Discuss Aquariums - too much hassle? at the DIY forum within the The Army Rumour Service website; Thinking of getting one, decent outlay if I do.
Salt water ones have critters n' ...
I've had a fresh water aquarium for a number of years and kept various types of tropical fish. If you believe all the b0llocks about water testing, water changes and cleaning you'd never want one because of the amount of time and effort you need to invest. I give mine an occasional clean and change half the water every couple of months and the fish are fine. All the serious cleaning is for the benefit of the looker-in as opposed to the looker-out.
Don't know much about salt water aquariums but intend to go in that direction once retired. But people I know who keep salt water fish tell me it's not really any more work than fresh ... just a bit more water quality testing.

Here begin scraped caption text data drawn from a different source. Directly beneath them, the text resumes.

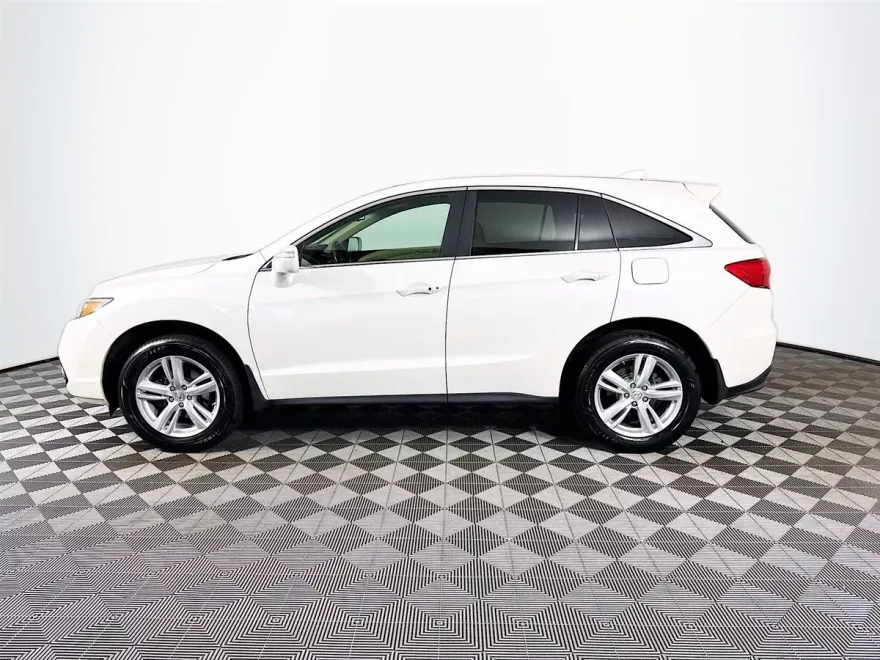 2015 Acura RDX Technology photo 1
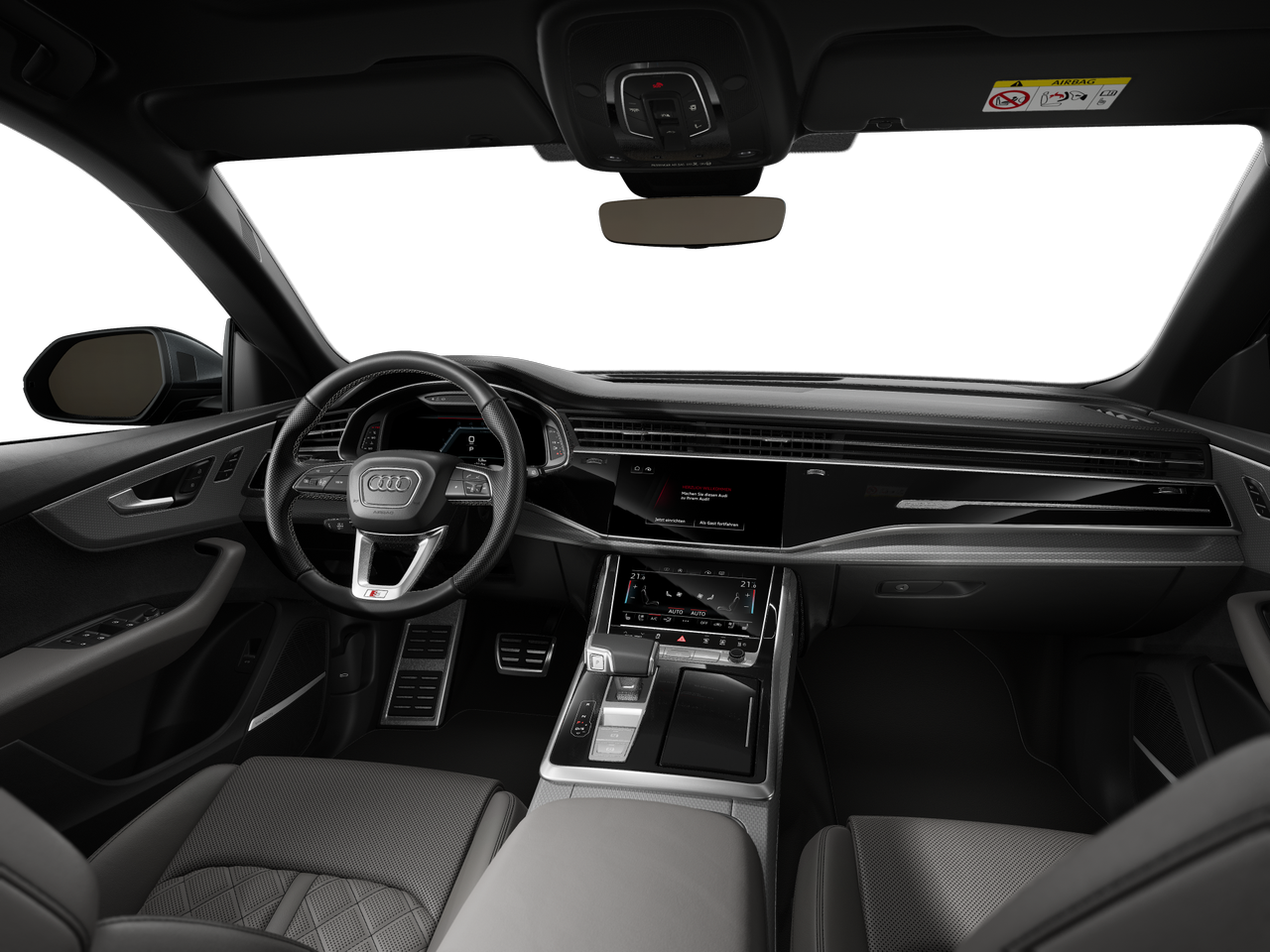 Imaginea unui Q8 PI 50 TDI quattro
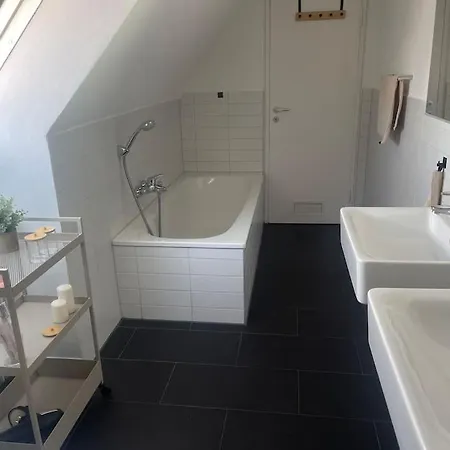 Two-story Loft In Nurembergs Location Apartment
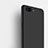 Silicone Candy Rubber TPU Soft Case for OnePlus 5 Black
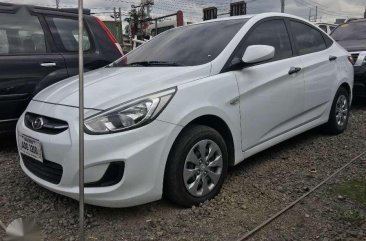 2017 Hyundai Accent 1.4 6 Speed MT FOR SALE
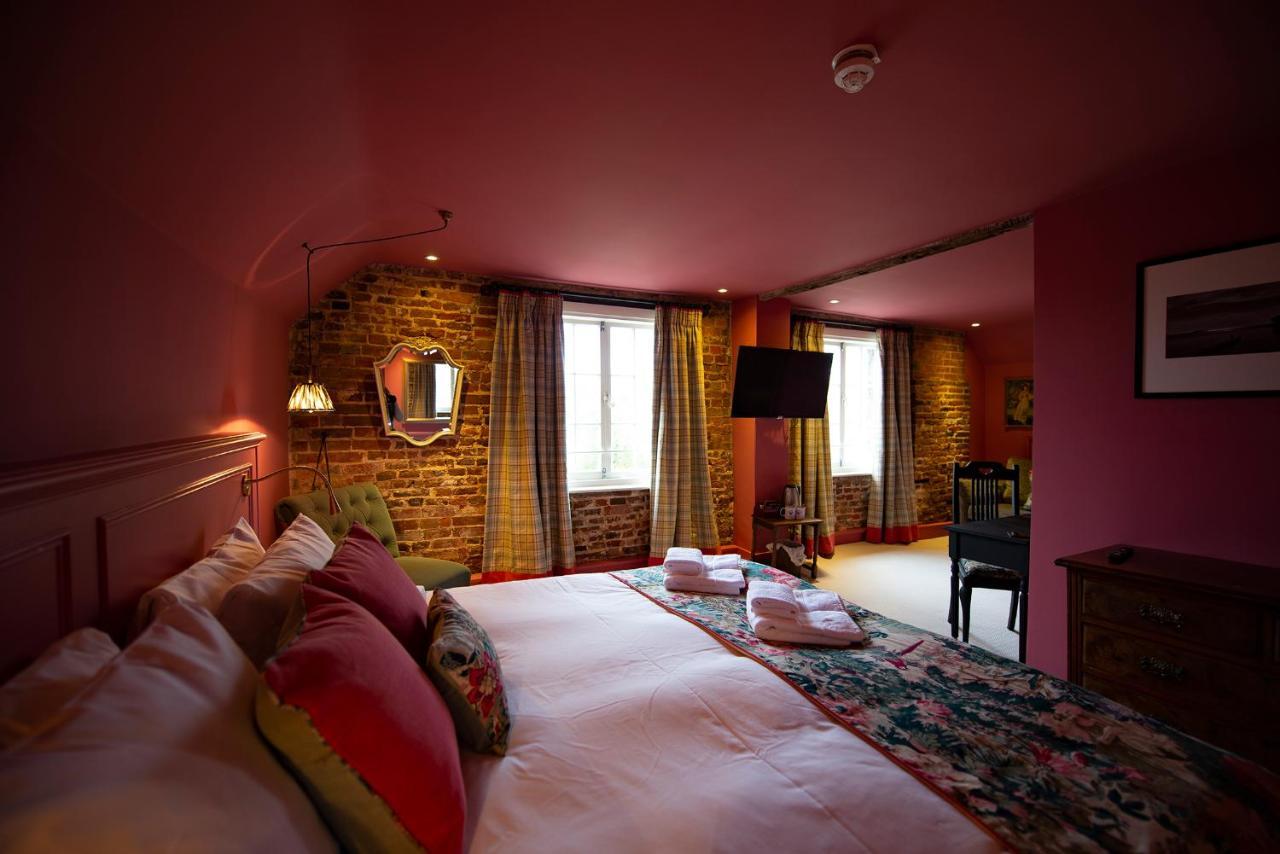 The Leicester Arms Penshurst Dış mekan fotoğraf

Years ago it was suggested that an apple a day kept the doctor away. But since all the doctors are now Muslim, I've found that a bacon sandwich works best.
I hate all this terrorist business. I used to love the days when you could look at an unattended bag on a train or bus and think to yourself; I’m having that.
I have had marine aquariums on and off for some 20 years...and my current tank takes me about 2 minutes maintenance a day..and about 15 minutes for a partial water change once a month!
The key to a marine tank is plenty of good quality liverock, good flow, good skimmer and low fish stock!.
I have had marine aquariums on and off for some 20 years...and my current tank takes me about 2 minutes maintenance a day..and about 15 minutes for a partial water change once a month!
The key to a marine tank is plenty of good quality liverock, good flow, good skimmer and low fish stock!.
This is my tank just now...
Thats what I'm talking about, pukka Red Sea reef.
Can cope with that effort too. How much does the choice of pump/filter/salinator/heater influence the result?
You only appear to have 2 fish...... is that what you mean by low fish stock
I guess the choice of sponges/corals etc is important in the filtering context - or how does that work?
I broke up my reef last year, 1000litre system, it was great with very little work until I started growing hard corals........ and then it all went horribly horribly wrong!
Marine systems come in 3 levels really: fish only, fish soft corals and maybe a few crustaceans and a full blown reef. For a full blown reef you are going to need a degree in chemistry (or at least a firm understanding of the relationship between ph, temperature, calcium, carbonate and magnesium to start with), lots of chemicals, a calcium reactor and some very expensive lighting not to mention pockets deeper than the North Sea.
I now run the 1000 litre system as a South American fresh water tank....bliss! It takes me exactly 0 minutes everyday because even the feeder is automatic, I haven't done a water change in over a year, everything is sweet and all I do is top up evaporated water (that's automated to some extent with an RO system under the sink and auto-topup in the sump from when it was a reef) I feed live at weekends when I spend maybe 15 minutes on it.
My recommendation would be leave the reef until you are retired and have at least 2 minutes every day. A fish only marine system is a viable option but a bit boring as you still need to keep stock levels fairly low, marine fish can be incredibly picky about feeding and a pinch of dried food will never do to keep them healthy.
PS. The reason mine became a disaster was my huge anenome that hadn't moved in 2 years decided to go walkabout taking in the scenic view via one of the power heads, chopped up ananome does the water quality no good whatsoever and the tank never really recovered, I lost about £500 worth of stock in one night (all crustaceans died instantly and I lost 5 very expensive fish), calcium reactor switched itself off (because ph plummeted) and skimmer went mental, it took months to get the ph back up because £1000 of live rock started to die off and took a while to cycle through. I sort of lost interest (or rather my bank balance couldn't justify a complete restock of what had taken nearly 5 years to stock) The best option was to go back to fresh water.
Initial outlay on the important stuff will minimise the amount of 'fiddly hasslish' stuff you have to do once its up and running, so good quality filters, skimmers etc which will do alot of the work for you, and as 2/51 says don't over stock it!
Am in the process of setting up a marine tank myself but going towards a British theme (ideally something like the habitat's at Studland Bay so I can keep seahorses) rather than a tropical reef theme.
Have a look on Gumtree.com for a decent second hand set up, there are some incredible bargains to be had.
I bought my tank as a complete beginner, with 12 Malawi Cichlids, 2 Australian Blue Lobsters (Blue Crayfish) and 1 mental sucker fish thing that looks like a baby shark for £120.
It also came with all the pumps, filters and a load of artificial plants and some rocks. (Cichlids will eat real plants.)
I feed them all once every two days with a mixture of pellets for the fish and frozen prawns for the lobsters. Once every 2 months I empty half the water and refill it again also taking out the filter and rinsing it under a tap.
That's it. I've had the tank for 2 years now with just two Cichlids dying but 4 babies were born so I am now 2 up. The guy who I bought the tank from had it for 5 years so some of the fish and the lobsters are over 7 years old.